# PROBLEM STATEMENT
Below are entries; repeat exactly, and nothing else, the lines from the one holding "The case is" through the one holding "Hi guys, welcome", inclusive. Leave the pictures out.

Stored items from a collection:
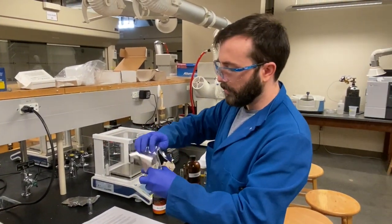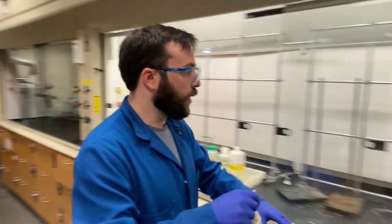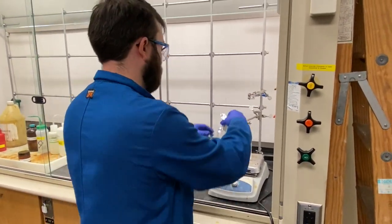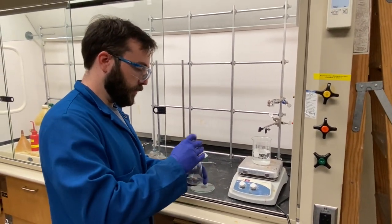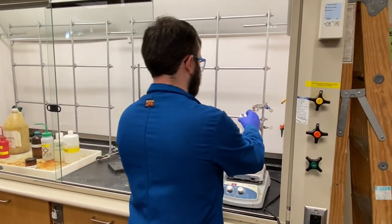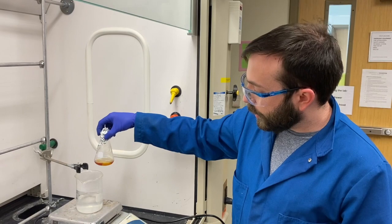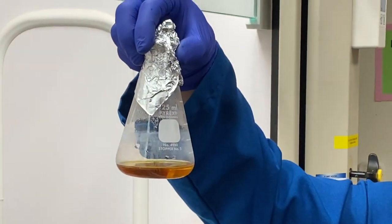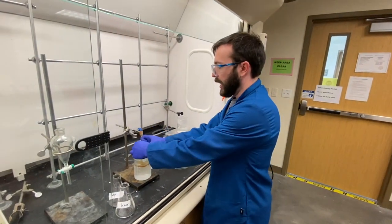Then loosely covered with aluminum foil and placed in a boiling water bath with a stir bar. After one hour of stirring in boiling water, the solution has turned dark amber.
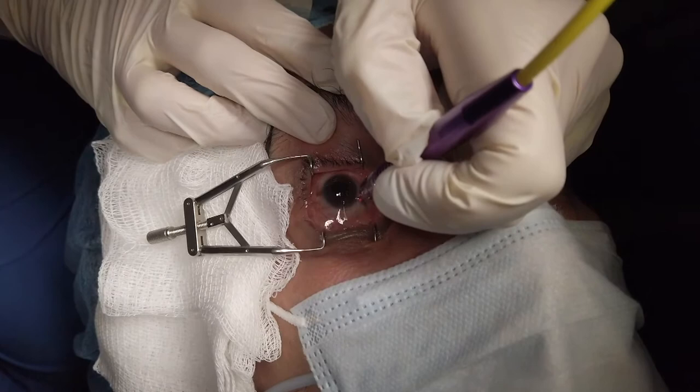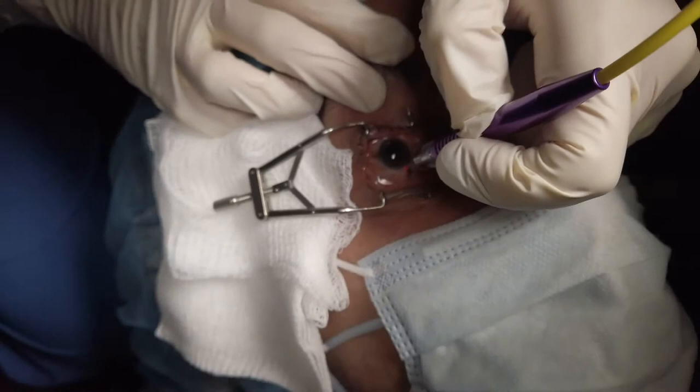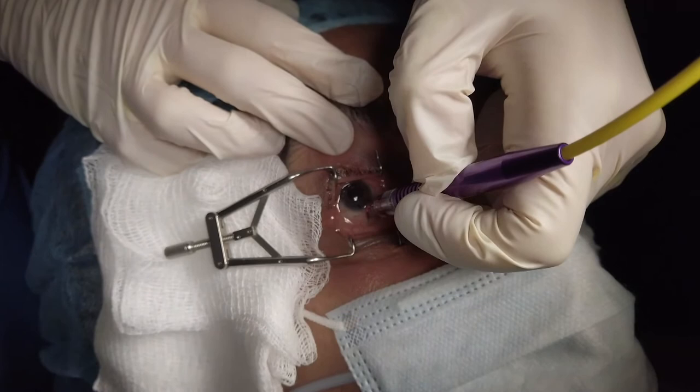The G-probe is oriented with the flat portion of the foot plate abutting the limbus or just posterior. The duration applied is 2,000 milliseconds in this instance, with power beginning at 2,000 milliwatts and titrated for effect.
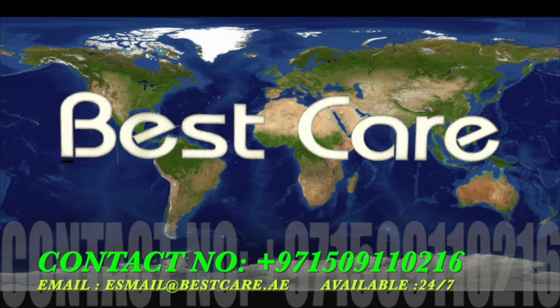If you are a CPO, orthotist, prosthetist, doctor, or a patient, please for any questions and inquiries contact me at 00971-50911-0216. This is my mobile number from UAE. My email address will be shown on the display. Please save this mobile number and email address — I will be available for you 24/7.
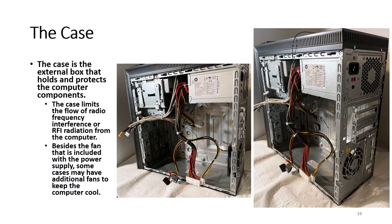The case is the external box that holds and protects the computer components. In addition, the case limits the flow of radio frequency interference, or RFI, from the computer. Since some interference can be broadcast as radio and television signals, a computer or any electronic component can interrupt radios, televisions, or navigation equipment used in aircraft.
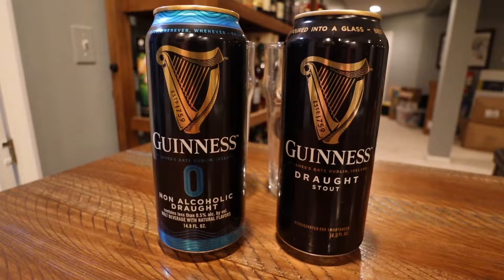Hi guys, welcome back to the channel. Here's what I have for you today. So today we have Guinness and Guinness Zero. I'm basically interested in comparing the two against one another. Typically when I do an NA beer chug where they have a full alcohol version of the beer, I'm always curious how they would be side by side. It's the weekend before St. Paddy's Day, so I know some people are doing their celebrations this weekend, some people next weekend. I'll probably do both.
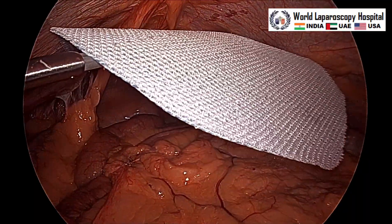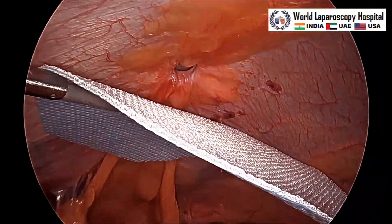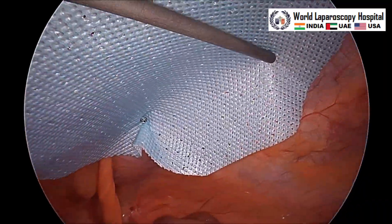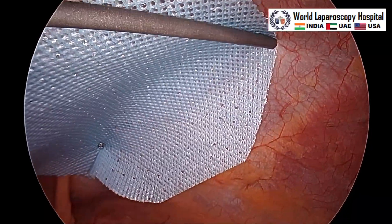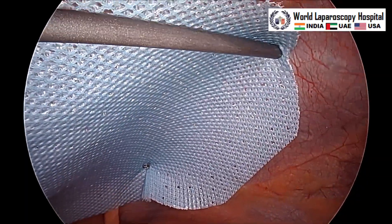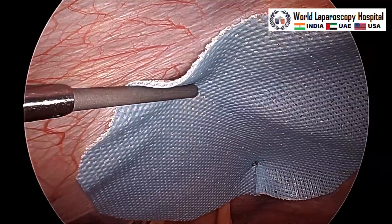Because we do not have another instrument, with the tacker itself you have to lift the mesh. The light cable should be at 6 o'clock and you will just drag it to the point where you have marked it. Fire the right iliac fossa part first — that is the most remote part — then towards the right hypochondrium, and all the corners should be fixed first. The left hand should support it so that you have proper alignment, and the center of the mesh must be in the center of the defect. That is why we have done the marking outside.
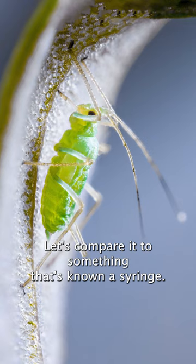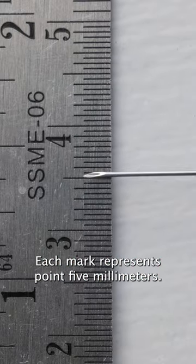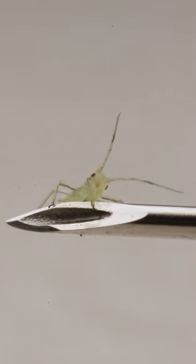Let's compare it to something that's known: a syringe. This is a 25-gauge needle against my finger, and this is it against a ruler. Each mark represents 0.5 millimeters, and this is the aphid on the syringe — very small.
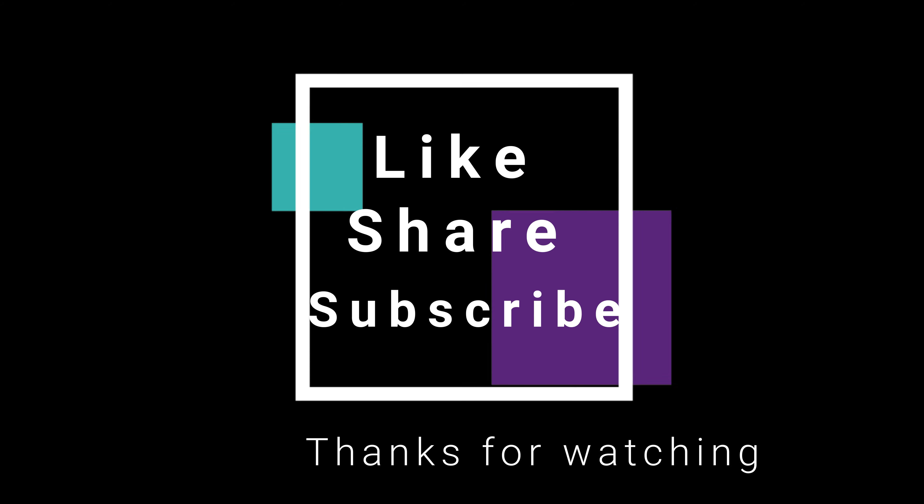Hi! In all the videos I am going to teach you, I am going to teach you a recipe in my videos.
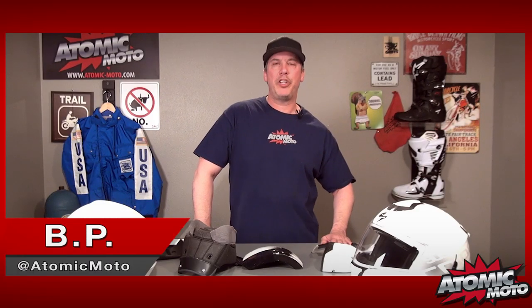Hi and thanks for tuning in to another Atomic Moto Mission Briefing on helmets. A little while ago I got off the telephone with a customer who was asking some very intelligent questions about helmets and how they're made, and there are some questions that he was asking that I thought would be better illustrated if I were to show you guys in a video.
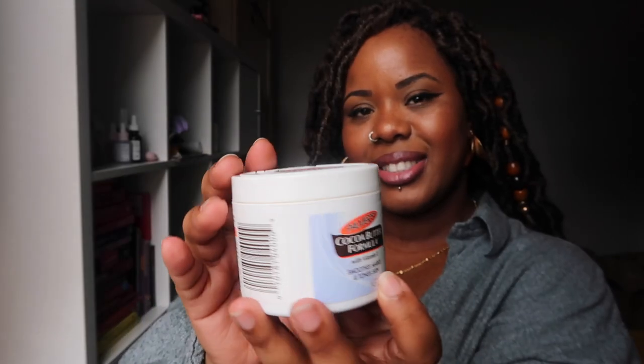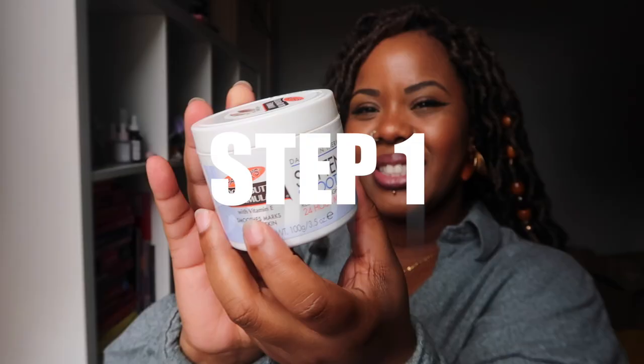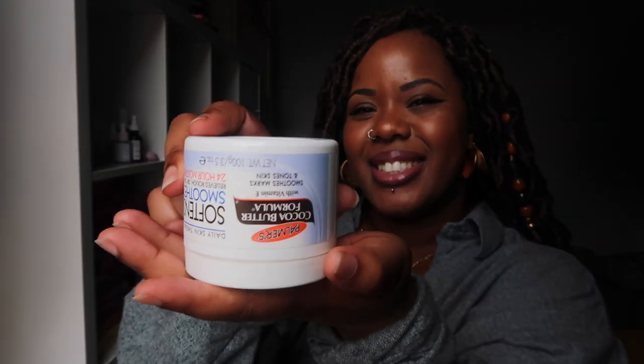Did you know there are multiple ways to use this Palmer's Cocoa Butter jar? I love this product and I'm about to show you my favorite beauty hack. Step one: grab your jar and turn it upside down.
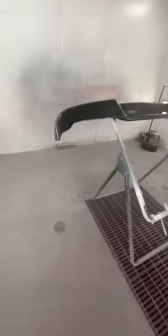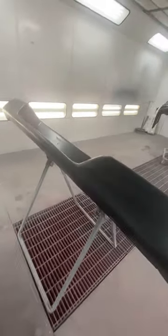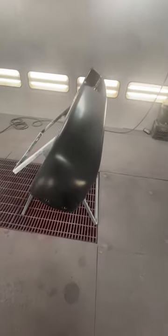Good morning, welcome back to the channel. I've got two bumper jobs here. This bumper is for a red Chevy Express van I painted two quarters on — I need to paint this bumper black and put the flat matte clear on it.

# ANSWER FOR THE TASK
The case is the external box that holds and protects the computer components. In addition, the case limits the flow of radio frequency interference, or RFI, from the computer. Since some interference can be broadcast as radio and television signals, a computer or any electronic component can interrupt radios, televisions, or navigation equipment used in aircraft.
Hi guys, welcome back to the channel. Here's what I have for you today. So today we have Guinness and Guinness Zero. I'm basically interested in comparing the two against one another. Typically when I do an NA beer chug where they have a full alcohol version of the beer, I'm always curious how they would be side by side. It's the weekend before St. Paddy's Day, so I know some people are doing their celebrations this weekend, some people next weekend. I'll probably do both.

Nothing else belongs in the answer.